I believe Warren Buffett's definition of investment is the best: "Investing [is] the transfer to others of purchasing power now with the reasoned expectation of receiving more purchasing power -- after taxes have been paid on nominal gains -- in the future."
Buffett's definition, while not the simplest, fully encompasses what the average business and investor deals with. It goes beyond just the return, taking into consideration both purchasing power (inflation) and taxes, two subjects that can have outsize effects on a financial investment's return. Let's briefly examine each of these.
- Inflation: Purchasing power is the amount of goods and services a dollar can buy you. Over time, prices generally rise, and the rate of this rise is called inflation. As prices rise, the amount of goods you can buy with a dollar becomes less and less. So to actually make a gain on your investments that will buy you more goods in the future than what your dollar can buy you now, your return must be higher than the rate of inflation. For an in-depth look at inflation and investment, I highly recommend Buffett's timeless 1977 article in Fortune, "How Inflation Swindles the Equity Investor."

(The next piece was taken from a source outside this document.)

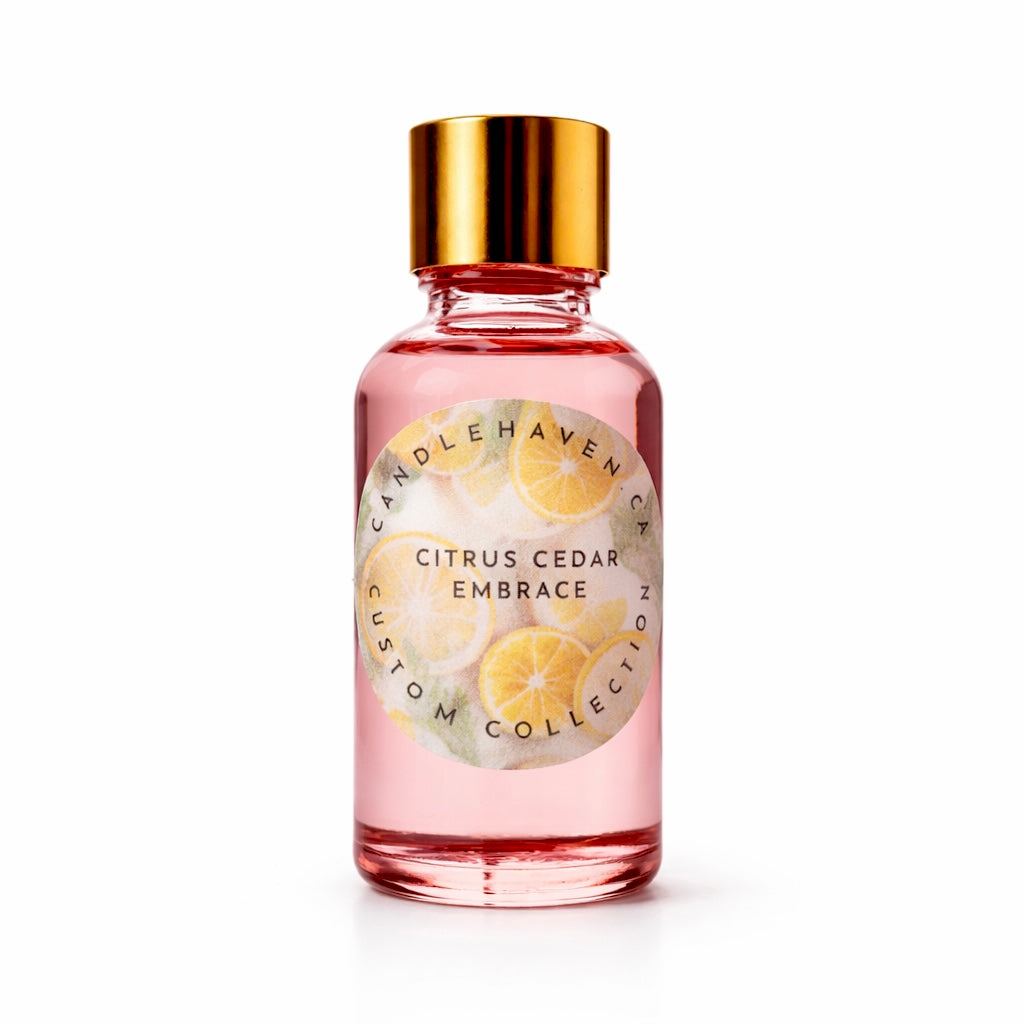 Pink bottle containing candle fragrance oil with gold cap labeled 'Citrus Cedar Embrace' by candlehaven candle supplier on a white background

- Taxes: Investment gains are taxed one of two ways, as long-term capital gains or as short-term capital gains. The lower rate at which long-term capital gains are taxed can make a massive difference to how quickly your wealth grows. Assuming the same level of returns before taxes, a short-term trader has to pay far more in taxes than an investor who holds their shares long term. It's even better if you never sell your shares, since then you never pay any capital gains.
The third definition of investment is from an economic perspective. In economics, investment is defined as the amount by which capital grows, with capital defined as the productive resources held by a business, individual, or some other organization. For a business, productive resources include machinery, buildings, inventory, and technology; for an individual, they would include education, training, and other skills that can be used in the production of goods.
A good example of the difference between the two definitions is buying a home. In economics, this would not be considered an investment, as homes are not productive resources -- they are not used in the production of other goods but are durable goods whose value declines with time. In finance, buying a home would be considered an investment as long as you have a reasonable expectation of receiving more purchasing power from its sale in the future.